The attorney for a suspended Newton District Court judge charged with helping a man escape from ICE has issued a letter accusing District Attorney Andrew Lelling of political bias and the state government of improper leaks to the press.
Thomas Hoopes, attorney for Judge Shelley Joseph, submitted the letter on Tuesday, seeking an investigation into bias against Joseph and sanctuary cities, on the part of the U.S. Attorney’s Office in Massachusetts, the Department of Justice, and the Department of Homeland Security and ICE both at the national and state level. It stated that all written materials related to the case from April 25, 2017 up to the present should be reviewed.
The letter cites an op-ed Lelling wrote in the Boston Herald in February, which called sanctuary cities a “genuine and persistent threat to our communities and the rule of law.”

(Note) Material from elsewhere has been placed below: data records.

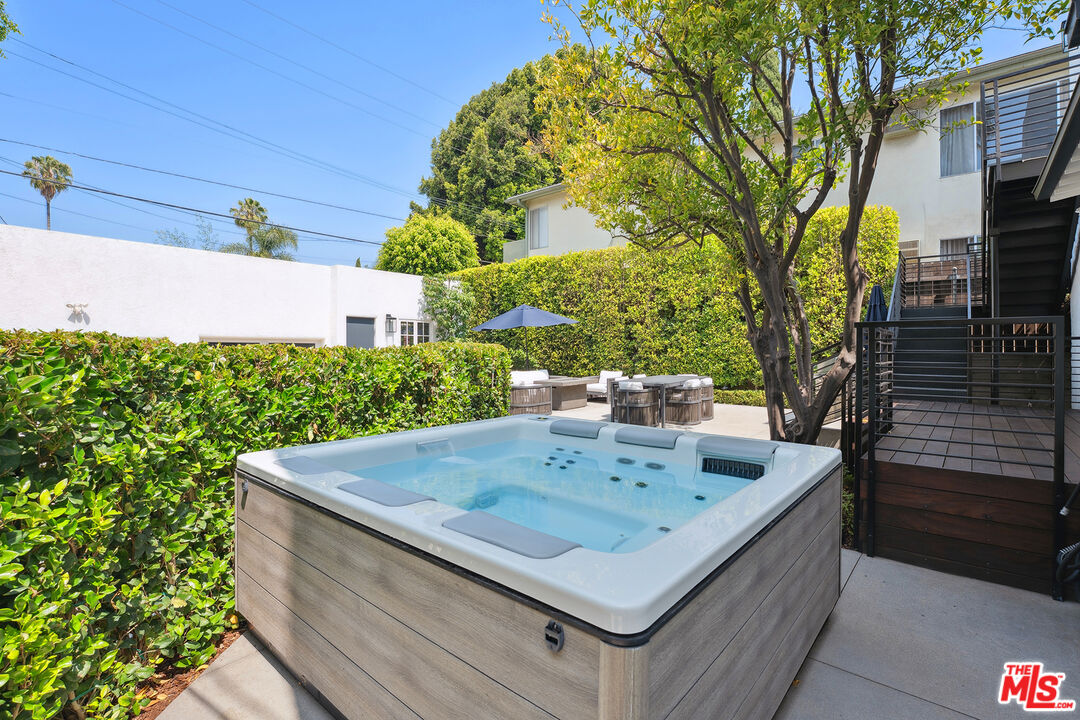 1033 N La Jolla Ave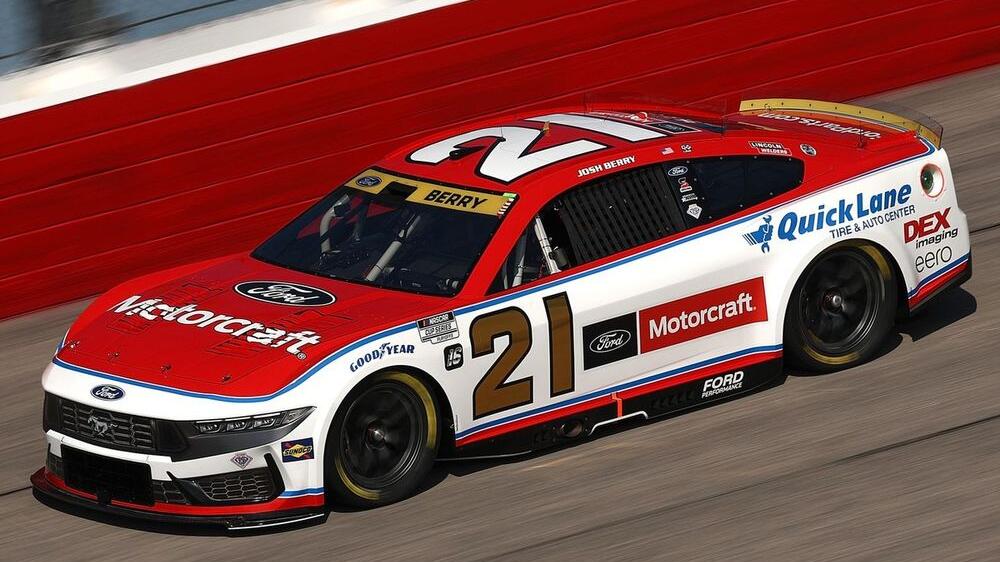 Incident majeur pour Josh Berry au départ de la NASCAR Cup à Darlington - Article NASCAR sur PitStopInsight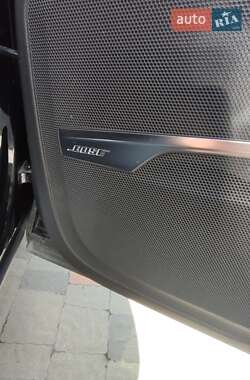 Позашляховик / Кросовер Audi Q7 2017 в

In the op-ed, Lelling criticizes another Newton judge for setting bail for a man accused of raping a Boston College student when he was an Uber driver. The man, who was living in the United States illegally, fled the country after being released. The judge in question set the standard of banning ICE agents from being inside Newton courtrooms that Joseph was following, Hoopes wrote in the letter.
“Why the United States Attorney wrote a political op-ed piece at all in his position as a supposedly unbiased law enforcement officer of the United States is unclear,” Hoopes said in the letter. “Why he chose to attack a judge for setting a lower bail in the context of a piece opposing sanctuary cities is also unclear.”
Newton has been a sanctuary city since the City Council passed an ordinance in February of 2017.
Joseph is accused of ordering Court Officer Wesley MacGregor to accompany defendant Jose Medina-Perez to the basement of the courthouse under the guise of retrieving something, in order to release him out the back door as ICE agents waited to apprehend him outside of the courtroom. Joseph has denied these allegations.
She was first accused after a Boston Globe Spotlight report came out in December of 2018—which states that Joseph said, “ICE is going to get him,” referring to Medina-Perez, before instructing the clerk to turn off the audio recorder. After the recording was turned off, Medina-Perez was taken downstairs, where he was allowed out the back door and climbed over a fence to escape, according to the report. Governor Charlie Baker called for Joseph’s temporary removal from the bench in December 2018.
Hoope’s letter states that the U.S. attorney’s office leaked confidential information to the Globe for this story—information on a grand jury probe was provided by five people with “direct knowledge.” Lelling’s office is quoted in the story, saying that it cannot confirm or deny the “existence of a grand jury.”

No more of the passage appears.